The reason will be displayed to describe this comment to others. Learn more.

Do we want to reconcile in that case? It could lead to a infinite loop

Copy link
Author

Choose a reason for hiding this comment

The reason will be displayed to describe this comment to others. Learn more.

Good point. I changed it to be done using a watch on PCS, so we'll get an event when a PCS is deleted or changed. Thanks

newHasValue := newExists && newLabel != ""

// Label removed (had value, now doesn't) or changed (both have values but different)
return (oldHasValue && !newHasValue) || (oldHasValue && newHasValue && oldLabel != newLabel)
Copy link

Choose a reason for hiding this comment

The reason will be displayed to describe this comment to others. Learn more.

the event is on the new obj, so if newHasValue is false => the map function will drop the event

Copy link
Author

Choose a reason for hiding this comment

The reason will be displayed to describe this comment to others. Learn more.

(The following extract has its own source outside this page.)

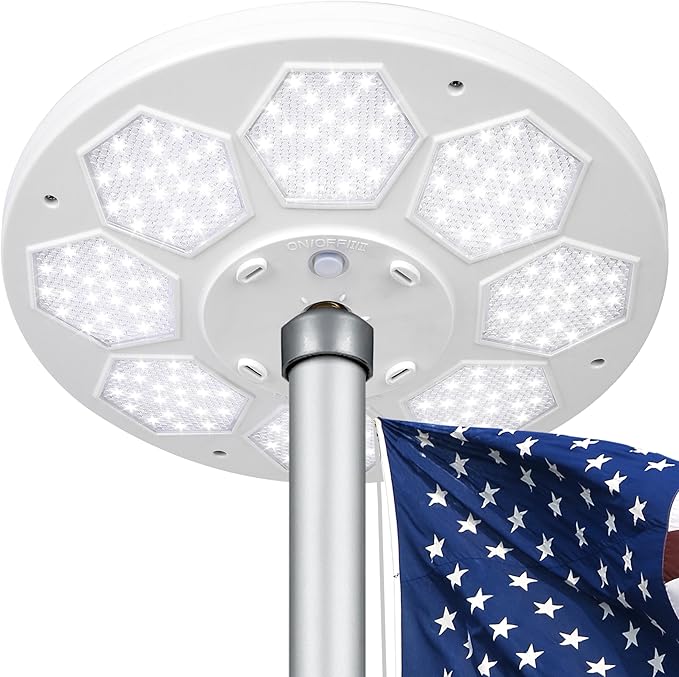 Aurolit Flagpole Light Solar Powered, 6 Updated Ultra Bright 160 LED for 15-25 Ft Poles, 15 Hour Dusk to Dawn Auto On/Off,...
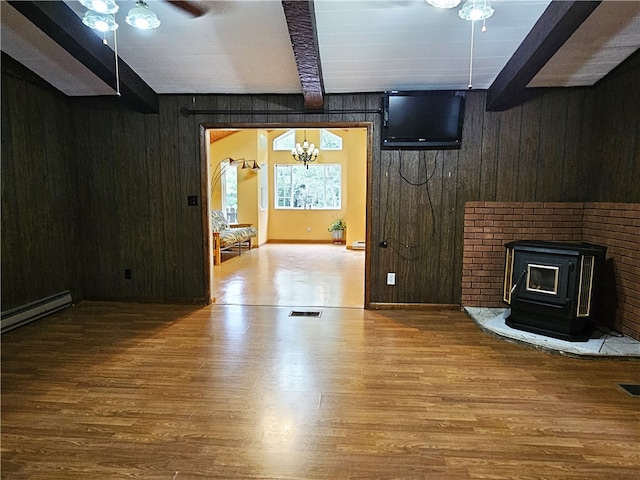 unfurnished living room with wood-type flooring, a wood stove, beam ceiling, and wood walls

I didn't get you. There are two cases in which the event is NOT dropped:

  1. Label removed (had value, now doesn't) --> (oldHasValue && !newHasValue)
  2. Label changed (both have values but different) --> (oldHasValue && newHasValue && oldLabel != newLabel)
    Which case are you referring to with the newHasValue==false?

Copy link

Choose a reason for hiding this comment

The reason will be displayed to describe this comment to others. Learn more.

the first one -
you will get to the mapping function with the new obj => read the topology name => its empty => no reconcile

actually, the second one is also problematic -
you will get to the mapping function with the new obj => read the topology name => its the new one => if the old one is a topology that is being deleted and now no PCS using it we will not reconcile it

Copy link
Author

Choose a reason for hiding this comment

The reason will be displayed to describe this comment to others. Learn more.

Changed the implementation to use custom handler. This way, both the predicate and the mapping have both old and new objects to work with. So we return a list of both topologies - old and new, so both will be reconciled.

3. Controller reconciles:
- Detects deletion request (deletion timestamp set)
- Detects deletion request (deletion timestamp set)
- Checks if any PodCliqueSet (in any namespace) references this ClusterTopology (via `grove.io/topology-name` label)
Copy link
Contributor

Choose a reason for hiding this comment

The reason will be displayed to describe this comment to others. Learn more.

I believe this grove.io/cluster-topology-name now?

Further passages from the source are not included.